IA:  No, I really just wrote what I needed to write because the whole thing was sketched out at the end of day one when I had the introduction to the first piece 'Doggerland' and some idea of the title that was there and some of the essential music for the verse and course along with some lyrics were there at the end of day one. So day two was 'where do I go with this?' and writing down the bullet points as they were of the scenario of the unfolding album. So somewhere around the second of the third day it was written out, so it was just a question of sitting down and saying 'ok what's next, oh it's that bit, we'll see what I can do with idea' and it was pretty much written around a skeletal bullet point reference. In fact, what is written on the album cover--the little synopsis of the various pieces, that is almost exactly what I wrote at the beginning, day two, if you like, of where was going to go with each piece, what it was based on, and what were the lyrical points I was trying to make. To me it was fairly important that I keep that as it was written and I included it in the album artwork, not to be clever or pretentious, but that is my working process. That is how it came about. As indeed on the coffee table book version of the album, the deluxe package, limited edition, all the original versions of the demoes are included as well. They were actually recorded in a hotel room in Barbados using my laptop computer, a travel guitar, and working extremely quietly so as not to annoy the neighbors.

DH:  Interesting…

IA:  So sometimes I think the process of making a record like that is worthy of explaining because there are going to be a few, a tiny percentage of the people, who might listen to the music who are interested in how I came up with it. So for them as well as in a sense for me, as to remind myself of the process, it is quite good to have those ingredients as part of the way you present the music. It is not the important bit, but it is peripheral information that rounds it out into more of a worthwhile purchase for those that want more than just a CD in a jewel box.

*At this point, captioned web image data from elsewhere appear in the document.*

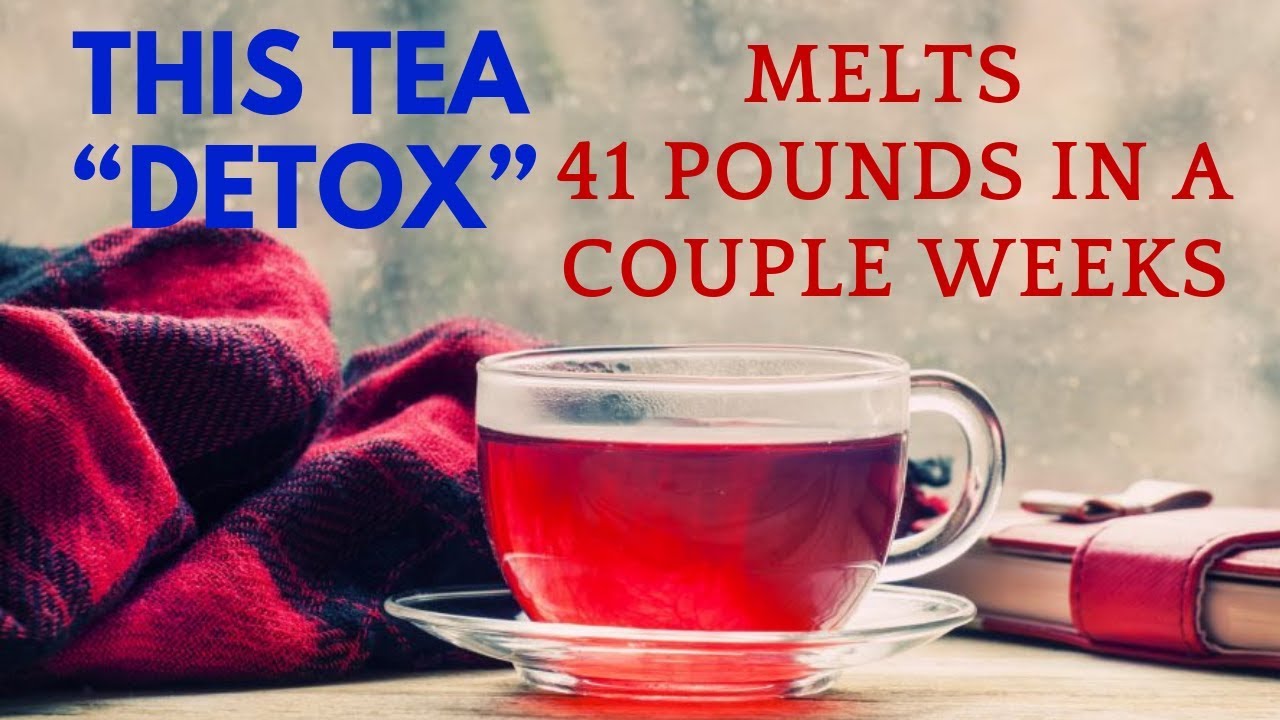 video phone beyonce mp3 Red Tea Detox Diet Weight Loss Recipes To Help You Lose 41 Pounds In a Couple weeks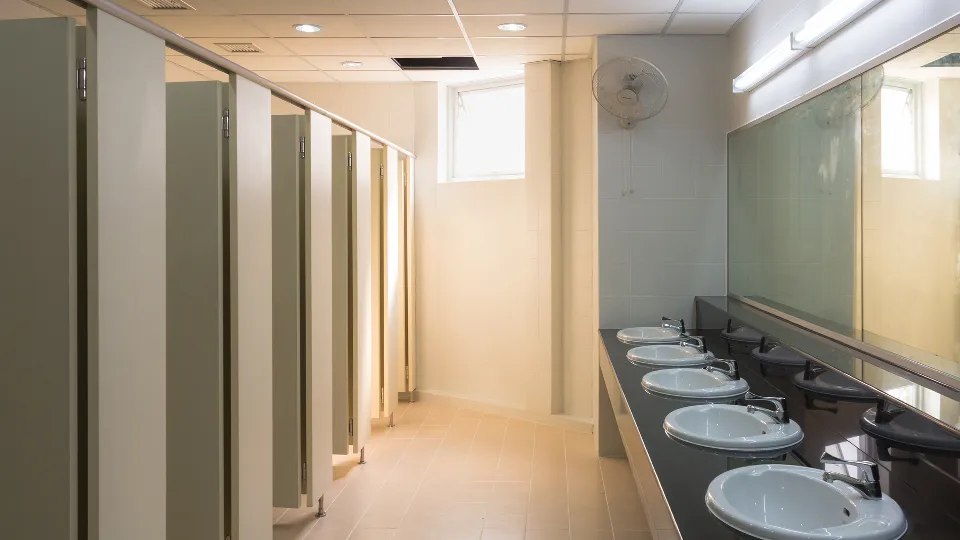 Фото: istockphoto.com/RonFullHD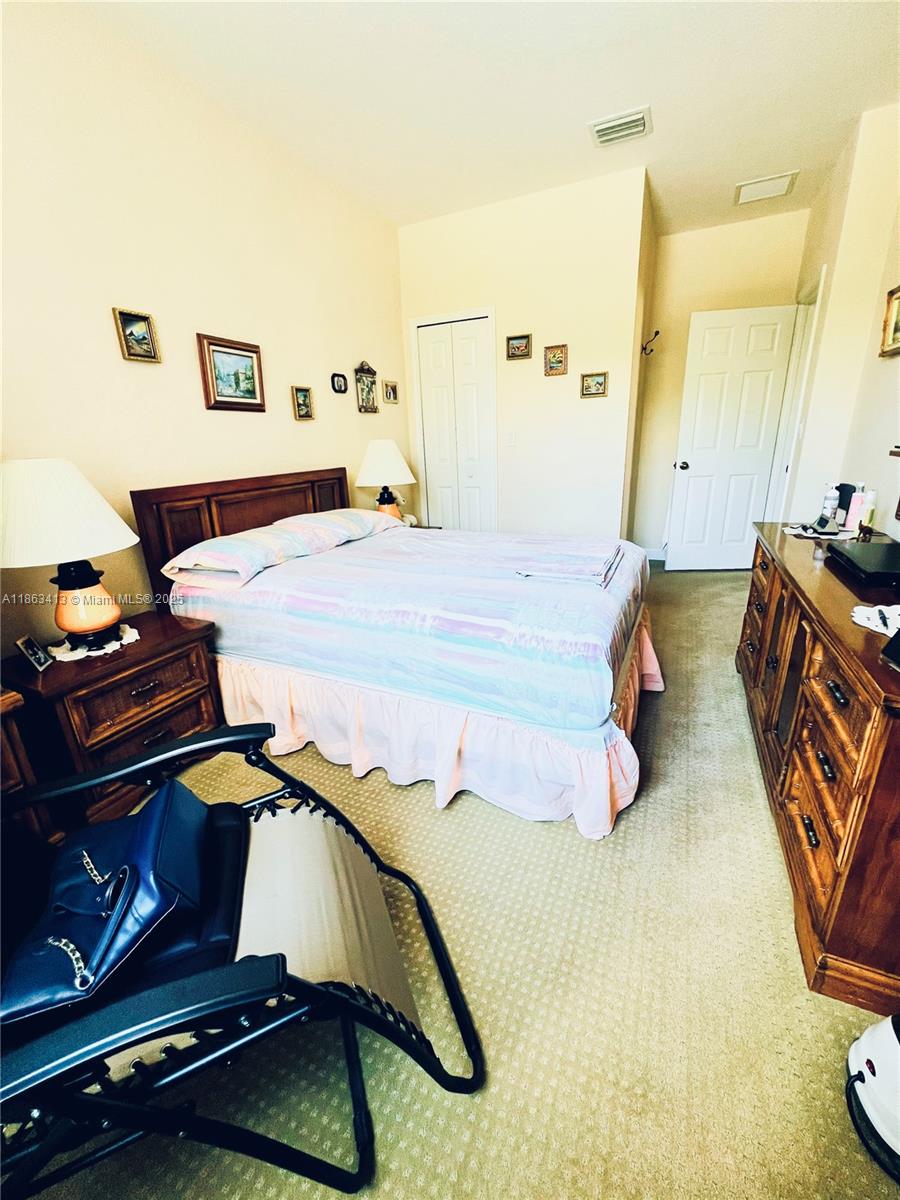 2499 Se 14th St Property Photo 18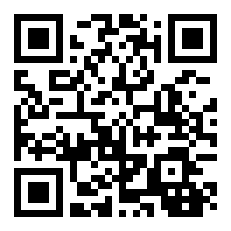 瑞士留学夏令营必备宝藏APP！建议收藏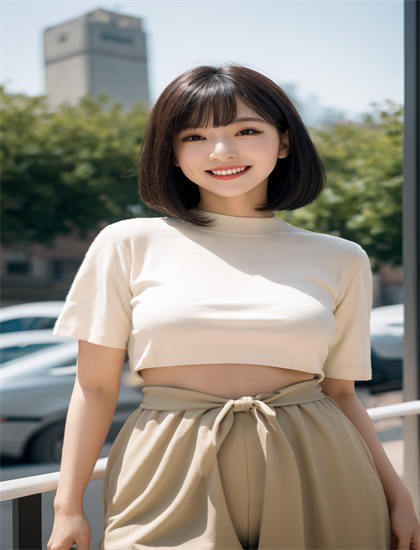 卿卿日常在线免费观看_天天爱上你_日韩精品片妈妈的朋友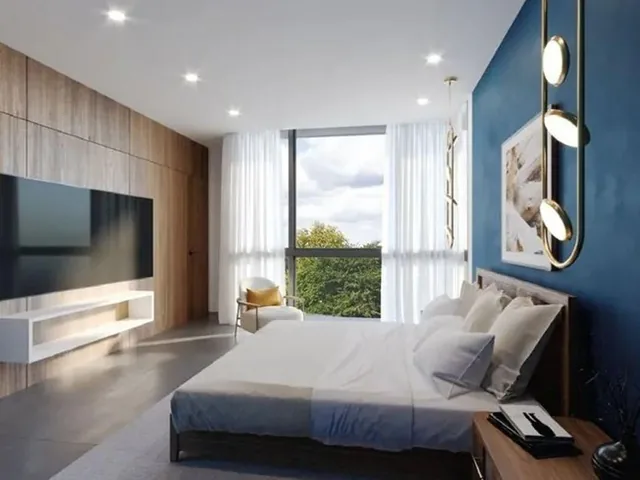 Casas de Estreno en Isla Mocolí, Guayas — imagen 2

DH:  Absolutely, for fans like myself who want to dig into it, I do that all the time.  Now you did not get to work with Steven Wilson on this album, but I think he has been a rather inspired choice for some of your remixes of older works and 'Thick as a Brick 2'. How did you two meet up?

IA:  Well, I read about him online really, as someone who was working on remixes of I think it was 'Court of the Crimson King', their first album I guess it was. So when EMI and I were talking about doing a remix and 5.1 surround mix box set of 'Aqualung', I suggested they get in touch with Steven Wilson. I figured if Robert Fripp had given his blessings to Steven Wilson to remix and rework that early iconic King Crimson album, then Steven must be a guy to consider doing it. So they approached him and he did a couple of demo mixes for me and with my approval, EMI engaged him to do the 'Aqualung 'album. I was in the studio at times and we worked on various aspects of it.  And then we went on to do the same with 'Thick as a Brick' and then he did the mixes of 'Thick as a Brick 2' and he subsequently has done 'Benefit' and the newly or about to be released 'A Passion Play' together with its unfinished predecessor, 'the Chateau d'Isaster Tapes'.

DH:  Ah, right.

IA:  And he just said yesterday… in fact I was doing a recording of questions and answers of all the bits and bobs of the 'Warchild' album. Steven, I believe is starting work next month on that. So it is a work in progress really, at some point I have said to him as well as the folks at Warner Brothers who of course have bought the EMI chunk that includes my work. At some point Steven will get too busy or get bored with it. There is an awful lot of work there for one person to be tackling all of that stuff. I can't see him doing this forever and it would seem like forever if you have got that far into the catalog, there is a lot more stuff that may not interest him. As a mixing engineer, it may not be something he's able to do because of course he is working for other people and most importantly working for himself and his career as a performing artist. I do have another person up my sleeve who I worked with on the 'Homo Erraticus' album, which is Jakko Jakszyk, who coincidentally and curiously is about to embark upon some tours with Robert Fripp and the original members of King Crimson who are going out to play the early King Crimson record catalog. Jakko is actually the guitarist and singer of the new King Crimson lineup. I suppose he is doing what Greg Lake did in his early days, playing and singing.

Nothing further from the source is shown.